Den Freunden der Griechen im Olymp selbst wurde bange, als sie den Ernst der Völker sahen, und
Hera ermahnte Athene, hinunterzueilen ins Heer der Achiver und durch ihre schmeichelnde
Götterrede die Flucht derselben zu hemmen. Pallas Athene gehorchte ihr und flog von den
Felsenhöhen des Olymp hinab ins Schiffslager der Griechen. Hier fand sie den Odysseus mit
gramvollem Herzen regungslos vor seinem Schiffe stehend, das er nicht zu berühren wagte.
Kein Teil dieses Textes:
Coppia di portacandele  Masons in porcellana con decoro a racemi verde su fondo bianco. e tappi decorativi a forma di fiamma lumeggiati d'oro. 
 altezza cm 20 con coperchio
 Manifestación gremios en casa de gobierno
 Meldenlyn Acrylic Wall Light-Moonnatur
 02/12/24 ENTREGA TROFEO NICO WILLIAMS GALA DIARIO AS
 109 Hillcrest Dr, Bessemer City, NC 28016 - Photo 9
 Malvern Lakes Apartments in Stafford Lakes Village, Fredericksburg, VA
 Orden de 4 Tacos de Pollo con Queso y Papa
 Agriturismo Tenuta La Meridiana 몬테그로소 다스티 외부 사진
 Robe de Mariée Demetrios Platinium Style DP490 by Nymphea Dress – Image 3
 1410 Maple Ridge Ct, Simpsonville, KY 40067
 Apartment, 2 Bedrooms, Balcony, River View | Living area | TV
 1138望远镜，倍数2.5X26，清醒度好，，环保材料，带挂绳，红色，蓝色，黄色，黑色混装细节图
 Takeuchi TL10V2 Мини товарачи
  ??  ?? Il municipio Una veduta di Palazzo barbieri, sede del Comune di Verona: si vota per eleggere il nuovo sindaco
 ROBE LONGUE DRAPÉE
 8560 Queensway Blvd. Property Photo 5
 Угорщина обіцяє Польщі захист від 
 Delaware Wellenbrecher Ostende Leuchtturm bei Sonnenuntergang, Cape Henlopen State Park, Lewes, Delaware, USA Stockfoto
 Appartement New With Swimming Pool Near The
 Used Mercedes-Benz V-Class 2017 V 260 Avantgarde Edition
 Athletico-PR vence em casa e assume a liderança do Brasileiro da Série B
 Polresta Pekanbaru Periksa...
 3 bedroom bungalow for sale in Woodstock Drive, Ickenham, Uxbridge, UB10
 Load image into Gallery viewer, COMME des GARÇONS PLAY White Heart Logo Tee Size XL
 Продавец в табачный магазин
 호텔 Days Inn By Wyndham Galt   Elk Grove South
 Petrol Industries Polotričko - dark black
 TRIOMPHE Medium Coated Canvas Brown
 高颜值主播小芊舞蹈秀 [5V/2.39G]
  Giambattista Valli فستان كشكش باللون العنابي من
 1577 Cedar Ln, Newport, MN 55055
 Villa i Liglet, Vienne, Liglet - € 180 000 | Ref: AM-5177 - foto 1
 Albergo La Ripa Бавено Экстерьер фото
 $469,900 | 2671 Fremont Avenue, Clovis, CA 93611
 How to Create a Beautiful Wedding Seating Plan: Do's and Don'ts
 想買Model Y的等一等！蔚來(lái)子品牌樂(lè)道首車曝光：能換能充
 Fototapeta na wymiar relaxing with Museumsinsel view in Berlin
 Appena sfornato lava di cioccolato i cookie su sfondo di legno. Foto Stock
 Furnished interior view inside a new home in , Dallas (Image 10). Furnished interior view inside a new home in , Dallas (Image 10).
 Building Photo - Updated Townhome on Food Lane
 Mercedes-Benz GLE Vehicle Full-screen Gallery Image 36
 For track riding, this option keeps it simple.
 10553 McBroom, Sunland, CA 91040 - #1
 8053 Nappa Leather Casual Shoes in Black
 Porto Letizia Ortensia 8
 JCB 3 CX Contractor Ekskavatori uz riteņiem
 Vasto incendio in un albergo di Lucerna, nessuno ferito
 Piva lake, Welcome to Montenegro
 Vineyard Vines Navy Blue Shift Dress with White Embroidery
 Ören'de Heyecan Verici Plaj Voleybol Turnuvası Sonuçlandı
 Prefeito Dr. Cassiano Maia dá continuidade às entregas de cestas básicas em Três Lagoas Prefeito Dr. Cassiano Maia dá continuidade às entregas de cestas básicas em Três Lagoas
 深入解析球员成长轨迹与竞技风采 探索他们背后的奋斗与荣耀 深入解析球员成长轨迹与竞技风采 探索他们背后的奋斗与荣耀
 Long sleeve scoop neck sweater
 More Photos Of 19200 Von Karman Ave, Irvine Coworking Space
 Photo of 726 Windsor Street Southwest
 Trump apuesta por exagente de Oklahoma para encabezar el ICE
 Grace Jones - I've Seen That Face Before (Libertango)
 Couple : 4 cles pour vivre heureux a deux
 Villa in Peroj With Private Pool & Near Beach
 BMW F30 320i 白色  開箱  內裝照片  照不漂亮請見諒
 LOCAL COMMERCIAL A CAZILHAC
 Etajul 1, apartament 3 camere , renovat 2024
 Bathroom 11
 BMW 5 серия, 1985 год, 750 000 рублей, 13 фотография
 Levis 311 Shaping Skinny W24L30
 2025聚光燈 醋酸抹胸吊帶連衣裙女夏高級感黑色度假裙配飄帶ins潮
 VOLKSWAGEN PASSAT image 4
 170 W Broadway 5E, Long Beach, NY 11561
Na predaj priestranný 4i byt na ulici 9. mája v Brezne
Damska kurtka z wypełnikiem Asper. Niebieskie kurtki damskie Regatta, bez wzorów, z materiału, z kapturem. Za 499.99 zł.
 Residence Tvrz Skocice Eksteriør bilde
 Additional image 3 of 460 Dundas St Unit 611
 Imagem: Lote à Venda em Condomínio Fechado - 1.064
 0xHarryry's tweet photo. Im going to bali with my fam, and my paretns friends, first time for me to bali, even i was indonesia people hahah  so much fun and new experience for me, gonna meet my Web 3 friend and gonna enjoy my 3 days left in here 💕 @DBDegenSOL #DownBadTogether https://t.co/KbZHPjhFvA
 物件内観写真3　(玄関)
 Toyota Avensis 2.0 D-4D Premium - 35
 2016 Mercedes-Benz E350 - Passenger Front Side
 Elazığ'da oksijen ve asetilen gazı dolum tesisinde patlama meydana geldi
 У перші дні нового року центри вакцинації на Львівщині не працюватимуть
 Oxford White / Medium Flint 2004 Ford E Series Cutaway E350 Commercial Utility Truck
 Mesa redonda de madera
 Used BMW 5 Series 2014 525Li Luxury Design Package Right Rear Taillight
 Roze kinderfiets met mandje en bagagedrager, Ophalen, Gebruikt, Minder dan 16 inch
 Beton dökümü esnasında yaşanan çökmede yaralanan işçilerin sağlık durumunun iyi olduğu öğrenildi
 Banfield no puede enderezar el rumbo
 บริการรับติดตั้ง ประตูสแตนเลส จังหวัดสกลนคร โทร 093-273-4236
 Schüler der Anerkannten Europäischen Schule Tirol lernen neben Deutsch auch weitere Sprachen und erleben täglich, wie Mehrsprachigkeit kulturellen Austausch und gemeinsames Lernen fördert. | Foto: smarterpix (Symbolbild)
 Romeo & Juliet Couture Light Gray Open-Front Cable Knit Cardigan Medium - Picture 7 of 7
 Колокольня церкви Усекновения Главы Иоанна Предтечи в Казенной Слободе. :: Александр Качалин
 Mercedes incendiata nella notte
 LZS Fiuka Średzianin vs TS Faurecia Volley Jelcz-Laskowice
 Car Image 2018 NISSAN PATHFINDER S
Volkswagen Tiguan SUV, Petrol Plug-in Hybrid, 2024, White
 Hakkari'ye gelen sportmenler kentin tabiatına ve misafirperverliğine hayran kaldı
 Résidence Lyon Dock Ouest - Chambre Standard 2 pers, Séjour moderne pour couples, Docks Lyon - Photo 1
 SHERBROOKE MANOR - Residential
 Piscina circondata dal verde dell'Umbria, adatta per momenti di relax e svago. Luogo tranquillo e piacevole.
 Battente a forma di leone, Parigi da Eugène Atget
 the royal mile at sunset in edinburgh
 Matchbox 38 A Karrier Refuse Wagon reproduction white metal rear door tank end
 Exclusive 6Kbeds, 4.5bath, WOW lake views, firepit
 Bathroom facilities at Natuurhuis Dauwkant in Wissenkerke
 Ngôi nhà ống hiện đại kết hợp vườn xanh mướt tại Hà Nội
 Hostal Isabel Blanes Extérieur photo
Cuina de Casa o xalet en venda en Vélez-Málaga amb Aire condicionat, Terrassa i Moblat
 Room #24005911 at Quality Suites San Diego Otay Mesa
Die
Göttin näherte sich ihm, und indem sie sich seinen Blicken offenbarte, sprach sie freundlich zu ihm:
»Also wollet ihr euch wirklich in die Schiffe stürzen und fliehen? Wollet dem Priamos den Ruhm und
den Trojanern Helena lassen, die Griechin, um welche so viele Griechen fern vom Vaterlande
dahingesunken sind? Nein, das wirst du nicht dulden, edler, kluger Odysseus! Eilig dich ins Heer der
Danaer geworfen, nicht gezaudert! Brauche deiner Beredsamkeit, ermahne, hemme sie!« Auf den
Ruf der Göttin warf Odysseus schnell seinen Mantel weg, welchen Eurybates, sein Herold, der ihm
gefolgt war, aufnahm, und eilte unter das Volk. Stieß er nun an einen der Fürsten und edlern
Männer, so hielt er ihn mit freundlichen Worten an und sprach ihm zu: »Ziemt es dir auch, mein
Trefflicher, zu verzagen wie ein Feigling? Du solltest vielmehr ruhig bleiben und auch die andern
beruhigen. Weißt du doch nicht, wie der Atride wirklich im Herzen gesinnt ist und ob er die Griechen
nicht hat versuchen wollen!« Wenn er aber wo einen Mann vom Volke lärmend und schreiend
antraf, den schlug er mit seinem Zepter und bedrohte ihn mit lauter Stimme: »Elender, rühre dich
nicht; hör du, was andre sagen, du, den man weder im Kampf noch im Rate rechnen kann! Wir
Griechen können doch nicht alle Könige sein! Vielherrschaft ist nichts nütze, nur einem hat Zeus den
Zepter verliehen, und diesem sollen die andern gehorchen!«
So ließ Odysseus seine herrschende Stimme durchs Heer erschallen und bewog endlich das Volk, von
den Schiffen auf den Versammlungsplatz zurückzuströmen. Allmählich wurde alles ruhig und
verharrte geduldig auf den Sitzen. Nur eine einzige Stimme krächzte noch: es war Thersites, der sich,
wie gewöhnlich, mit fordernden Scheltworten gegen die Fürsten vernehmen ließ. Dieser war der
häßlichste Mann, der aus Griechenland mit vor Troja gekommen war; er schielte mit dem einen Auge
und war lahm am andern Fuße, hatte einen Höcker auf dem Rücken, die Schultern gegen die Brust
eingeengt, einen Spitzkopf, dessen Scheitel nur mit dünner Wolle spärlich besäet war. Besonders war
der Haderer dem Peliden und Odysseus verhaßt; denn gegen diese Helden lästerte er unaufhörlich.